#### Dataset excerpt

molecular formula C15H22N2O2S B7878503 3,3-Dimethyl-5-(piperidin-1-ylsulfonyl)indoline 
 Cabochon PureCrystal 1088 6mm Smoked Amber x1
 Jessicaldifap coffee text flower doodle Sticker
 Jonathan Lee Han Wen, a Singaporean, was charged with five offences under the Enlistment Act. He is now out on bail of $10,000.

#### Directions for this task
All lines from the one that contains "Jessicaldifap coffee text" through the end of the listing above should be copied exactly, with nothing else.

#### Task answer
 Jessicaldifap coffee text flower doodle Sticker
 Jonathan Lee Han Wen, a Singaporean, was charged with five offences under the Enlistment Act. He is now out on bail of $10,000.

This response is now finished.